*** Materials provided
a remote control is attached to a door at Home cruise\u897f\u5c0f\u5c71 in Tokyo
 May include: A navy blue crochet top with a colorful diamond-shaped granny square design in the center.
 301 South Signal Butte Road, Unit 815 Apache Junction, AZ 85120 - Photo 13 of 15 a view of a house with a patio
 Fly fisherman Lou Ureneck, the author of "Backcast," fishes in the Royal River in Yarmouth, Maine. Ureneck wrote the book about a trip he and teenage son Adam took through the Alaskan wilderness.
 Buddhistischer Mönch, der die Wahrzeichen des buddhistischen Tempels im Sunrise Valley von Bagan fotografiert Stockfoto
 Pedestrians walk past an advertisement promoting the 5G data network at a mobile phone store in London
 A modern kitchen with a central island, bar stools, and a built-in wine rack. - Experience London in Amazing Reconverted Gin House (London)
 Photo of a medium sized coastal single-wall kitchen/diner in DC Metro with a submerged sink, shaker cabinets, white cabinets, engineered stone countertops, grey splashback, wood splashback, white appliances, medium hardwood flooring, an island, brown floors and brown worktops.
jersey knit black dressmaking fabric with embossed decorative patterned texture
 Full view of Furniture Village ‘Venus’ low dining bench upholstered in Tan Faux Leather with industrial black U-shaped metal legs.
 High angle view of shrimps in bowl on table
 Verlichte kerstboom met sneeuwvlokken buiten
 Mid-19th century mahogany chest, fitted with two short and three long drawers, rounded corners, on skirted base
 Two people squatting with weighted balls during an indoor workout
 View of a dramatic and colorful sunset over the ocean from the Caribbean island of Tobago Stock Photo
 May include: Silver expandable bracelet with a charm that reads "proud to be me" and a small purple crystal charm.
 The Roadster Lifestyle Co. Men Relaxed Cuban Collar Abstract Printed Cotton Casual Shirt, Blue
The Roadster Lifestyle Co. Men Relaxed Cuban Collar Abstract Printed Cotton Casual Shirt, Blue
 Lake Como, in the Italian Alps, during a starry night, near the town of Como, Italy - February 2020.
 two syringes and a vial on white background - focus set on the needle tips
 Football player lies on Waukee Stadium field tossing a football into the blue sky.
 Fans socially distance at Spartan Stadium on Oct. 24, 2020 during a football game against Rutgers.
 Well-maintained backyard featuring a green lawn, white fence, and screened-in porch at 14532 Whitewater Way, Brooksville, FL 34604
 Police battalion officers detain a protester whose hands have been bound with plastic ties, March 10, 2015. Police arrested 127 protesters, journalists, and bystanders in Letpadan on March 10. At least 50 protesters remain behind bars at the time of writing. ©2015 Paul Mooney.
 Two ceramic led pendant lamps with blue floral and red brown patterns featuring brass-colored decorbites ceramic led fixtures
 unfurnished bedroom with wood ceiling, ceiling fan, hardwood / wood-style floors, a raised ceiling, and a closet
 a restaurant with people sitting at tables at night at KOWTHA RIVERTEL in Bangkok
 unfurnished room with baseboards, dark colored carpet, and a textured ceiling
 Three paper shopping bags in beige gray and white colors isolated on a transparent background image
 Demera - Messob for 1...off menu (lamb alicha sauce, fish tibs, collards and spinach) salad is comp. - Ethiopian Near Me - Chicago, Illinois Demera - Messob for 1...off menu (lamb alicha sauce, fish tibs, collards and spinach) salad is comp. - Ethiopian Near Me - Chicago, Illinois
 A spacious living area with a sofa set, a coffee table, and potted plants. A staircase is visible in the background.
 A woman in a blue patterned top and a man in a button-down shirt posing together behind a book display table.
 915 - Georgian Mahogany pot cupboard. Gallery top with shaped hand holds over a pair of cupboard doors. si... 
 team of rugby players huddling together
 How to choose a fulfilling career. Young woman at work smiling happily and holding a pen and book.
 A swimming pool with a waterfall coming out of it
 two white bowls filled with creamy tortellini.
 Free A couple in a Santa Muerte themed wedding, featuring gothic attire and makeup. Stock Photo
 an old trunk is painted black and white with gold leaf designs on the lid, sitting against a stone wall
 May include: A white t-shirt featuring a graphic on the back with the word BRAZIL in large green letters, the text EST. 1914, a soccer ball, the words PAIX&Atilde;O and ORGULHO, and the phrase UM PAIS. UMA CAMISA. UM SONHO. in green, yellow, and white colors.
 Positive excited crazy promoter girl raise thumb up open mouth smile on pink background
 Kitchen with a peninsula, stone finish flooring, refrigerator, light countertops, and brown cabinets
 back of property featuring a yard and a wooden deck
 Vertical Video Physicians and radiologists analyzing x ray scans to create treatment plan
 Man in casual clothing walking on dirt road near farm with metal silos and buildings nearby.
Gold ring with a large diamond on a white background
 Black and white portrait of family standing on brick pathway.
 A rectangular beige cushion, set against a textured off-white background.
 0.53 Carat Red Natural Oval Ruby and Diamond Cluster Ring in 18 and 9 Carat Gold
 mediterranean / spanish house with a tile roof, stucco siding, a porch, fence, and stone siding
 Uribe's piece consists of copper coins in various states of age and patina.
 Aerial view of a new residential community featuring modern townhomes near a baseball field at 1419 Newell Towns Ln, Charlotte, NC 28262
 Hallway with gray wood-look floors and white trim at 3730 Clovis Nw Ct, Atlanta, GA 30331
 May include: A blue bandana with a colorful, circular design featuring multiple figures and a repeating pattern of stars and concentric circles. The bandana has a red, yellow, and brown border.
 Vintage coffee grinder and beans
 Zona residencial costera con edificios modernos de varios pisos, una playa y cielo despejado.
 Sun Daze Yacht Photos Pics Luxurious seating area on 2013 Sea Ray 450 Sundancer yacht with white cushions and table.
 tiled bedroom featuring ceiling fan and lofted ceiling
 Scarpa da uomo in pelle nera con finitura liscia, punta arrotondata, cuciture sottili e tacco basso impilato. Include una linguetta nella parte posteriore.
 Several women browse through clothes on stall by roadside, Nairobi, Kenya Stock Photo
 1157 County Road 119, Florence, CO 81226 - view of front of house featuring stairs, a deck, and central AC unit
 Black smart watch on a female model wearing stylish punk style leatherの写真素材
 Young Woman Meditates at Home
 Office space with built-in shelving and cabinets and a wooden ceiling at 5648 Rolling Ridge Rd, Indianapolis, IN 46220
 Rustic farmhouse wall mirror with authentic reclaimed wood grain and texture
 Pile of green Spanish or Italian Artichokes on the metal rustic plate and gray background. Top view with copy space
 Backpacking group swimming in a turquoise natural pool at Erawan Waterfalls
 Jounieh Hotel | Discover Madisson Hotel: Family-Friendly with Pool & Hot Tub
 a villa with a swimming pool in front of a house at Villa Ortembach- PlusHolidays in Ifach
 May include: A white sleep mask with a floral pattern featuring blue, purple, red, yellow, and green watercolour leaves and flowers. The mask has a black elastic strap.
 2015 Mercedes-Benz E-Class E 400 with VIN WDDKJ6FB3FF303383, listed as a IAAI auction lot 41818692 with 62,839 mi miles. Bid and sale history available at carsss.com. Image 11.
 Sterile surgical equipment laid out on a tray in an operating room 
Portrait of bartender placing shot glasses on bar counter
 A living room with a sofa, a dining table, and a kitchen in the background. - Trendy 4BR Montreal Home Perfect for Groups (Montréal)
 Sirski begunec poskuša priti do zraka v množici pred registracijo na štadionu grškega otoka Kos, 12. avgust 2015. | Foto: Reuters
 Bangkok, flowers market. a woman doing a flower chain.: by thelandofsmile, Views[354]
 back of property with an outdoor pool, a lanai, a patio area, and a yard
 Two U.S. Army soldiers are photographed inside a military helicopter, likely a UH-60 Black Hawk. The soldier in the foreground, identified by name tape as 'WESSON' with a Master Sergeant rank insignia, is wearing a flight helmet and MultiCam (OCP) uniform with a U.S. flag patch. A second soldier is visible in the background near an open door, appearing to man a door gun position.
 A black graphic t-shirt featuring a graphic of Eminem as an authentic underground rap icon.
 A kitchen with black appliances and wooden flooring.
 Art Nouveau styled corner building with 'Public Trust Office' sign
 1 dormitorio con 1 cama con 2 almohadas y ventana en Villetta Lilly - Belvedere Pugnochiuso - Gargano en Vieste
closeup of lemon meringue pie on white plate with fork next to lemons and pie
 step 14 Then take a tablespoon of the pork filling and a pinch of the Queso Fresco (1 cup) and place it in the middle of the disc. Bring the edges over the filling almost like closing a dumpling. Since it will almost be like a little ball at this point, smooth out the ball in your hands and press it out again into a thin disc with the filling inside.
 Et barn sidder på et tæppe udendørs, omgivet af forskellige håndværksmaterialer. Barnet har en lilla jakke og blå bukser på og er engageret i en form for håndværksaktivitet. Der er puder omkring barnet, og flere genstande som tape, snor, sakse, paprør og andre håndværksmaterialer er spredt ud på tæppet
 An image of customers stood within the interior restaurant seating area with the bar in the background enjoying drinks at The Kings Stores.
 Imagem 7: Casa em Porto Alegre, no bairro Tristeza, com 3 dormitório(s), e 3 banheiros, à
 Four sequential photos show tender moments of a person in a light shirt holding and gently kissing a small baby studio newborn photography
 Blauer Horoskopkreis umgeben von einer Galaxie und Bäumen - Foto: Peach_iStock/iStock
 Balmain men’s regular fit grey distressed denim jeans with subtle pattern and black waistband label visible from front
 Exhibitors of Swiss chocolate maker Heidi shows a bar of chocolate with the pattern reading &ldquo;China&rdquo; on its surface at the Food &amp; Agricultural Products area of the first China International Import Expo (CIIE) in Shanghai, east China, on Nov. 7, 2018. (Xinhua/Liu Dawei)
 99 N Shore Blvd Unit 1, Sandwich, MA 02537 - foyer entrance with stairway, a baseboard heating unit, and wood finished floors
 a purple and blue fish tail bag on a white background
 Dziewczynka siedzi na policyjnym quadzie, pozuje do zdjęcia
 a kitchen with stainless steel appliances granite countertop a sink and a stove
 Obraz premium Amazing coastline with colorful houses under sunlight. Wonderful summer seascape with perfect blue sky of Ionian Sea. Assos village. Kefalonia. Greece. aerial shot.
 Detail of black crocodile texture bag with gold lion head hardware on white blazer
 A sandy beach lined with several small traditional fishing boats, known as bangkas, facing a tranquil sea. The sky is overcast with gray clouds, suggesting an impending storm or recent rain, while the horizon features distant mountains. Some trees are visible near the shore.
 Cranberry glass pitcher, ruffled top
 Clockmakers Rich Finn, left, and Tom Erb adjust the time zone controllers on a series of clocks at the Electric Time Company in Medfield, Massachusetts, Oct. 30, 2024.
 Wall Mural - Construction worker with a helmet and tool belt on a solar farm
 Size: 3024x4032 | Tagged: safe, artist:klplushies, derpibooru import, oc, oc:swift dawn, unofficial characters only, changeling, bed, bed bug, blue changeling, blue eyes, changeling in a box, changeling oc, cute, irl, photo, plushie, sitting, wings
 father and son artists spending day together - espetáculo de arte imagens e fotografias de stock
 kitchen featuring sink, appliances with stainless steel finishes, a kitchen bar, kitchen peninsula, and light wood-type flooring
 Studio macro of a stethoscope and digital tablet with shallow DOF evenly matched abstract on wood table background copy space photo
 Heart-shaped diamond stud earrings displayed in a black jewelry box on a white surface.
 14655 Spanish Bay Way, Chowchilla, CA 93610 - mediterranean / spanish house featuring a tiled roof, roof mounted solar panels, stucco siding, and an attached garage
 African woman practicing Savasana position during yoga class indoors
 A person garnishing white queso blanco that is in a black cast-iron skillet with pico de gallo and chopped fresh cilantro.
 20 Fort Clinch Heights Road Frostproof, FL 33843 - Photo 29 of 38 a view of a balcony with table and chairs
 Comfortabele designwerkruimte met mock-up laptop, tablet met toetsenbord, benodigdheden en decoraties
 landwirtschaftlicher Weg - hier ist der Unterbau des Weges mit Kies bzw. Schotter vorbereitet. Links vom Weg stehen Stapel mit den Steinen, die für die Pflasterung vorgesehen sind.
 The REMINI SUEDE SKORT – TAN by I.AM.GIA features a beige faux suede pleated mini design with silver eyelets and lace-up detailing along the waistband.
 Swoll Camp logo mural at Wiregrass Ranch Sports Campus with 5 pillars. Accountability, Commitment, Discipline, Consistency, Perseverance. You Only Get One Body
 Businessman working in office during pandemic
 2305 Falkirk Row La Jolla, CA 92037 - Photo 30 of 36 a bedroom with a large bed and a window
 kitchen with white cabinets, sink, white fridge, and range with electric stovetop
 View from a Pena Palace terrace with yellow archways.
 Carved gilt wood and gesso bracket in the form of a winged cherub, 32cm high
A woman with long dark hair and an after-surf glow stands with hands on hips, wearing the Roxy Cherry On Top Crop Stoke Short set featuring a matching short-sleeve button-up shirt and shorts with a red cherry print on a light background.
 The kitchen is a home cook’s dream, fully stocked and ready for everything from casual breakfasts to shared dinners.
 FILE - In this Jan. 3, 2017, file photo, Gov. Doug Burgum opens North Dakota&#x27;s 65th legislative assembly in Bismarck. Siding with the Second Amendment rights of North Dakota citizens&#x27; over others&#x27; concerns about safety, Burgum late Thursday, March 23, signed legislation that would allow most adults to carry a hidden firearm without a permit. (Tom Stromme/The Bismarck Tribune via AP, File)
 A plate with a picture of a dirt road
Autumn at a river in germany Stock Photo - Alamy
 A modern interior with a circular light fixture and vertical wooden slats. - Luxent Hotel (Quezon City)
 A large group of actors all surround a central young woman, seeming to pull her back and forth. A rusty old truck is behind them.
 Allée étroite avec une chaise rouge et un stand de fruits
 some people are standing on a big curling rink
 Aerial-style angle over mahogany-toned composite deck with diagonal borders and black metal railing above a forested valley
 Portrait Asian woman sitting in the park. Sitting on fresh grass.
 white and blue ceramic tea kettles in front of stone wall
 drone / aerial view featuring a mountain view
******
**What to do:**
Scan the records above for lines with the word "floral". Then report how many there are, as a bare number.

**Answer for this exercise:**
2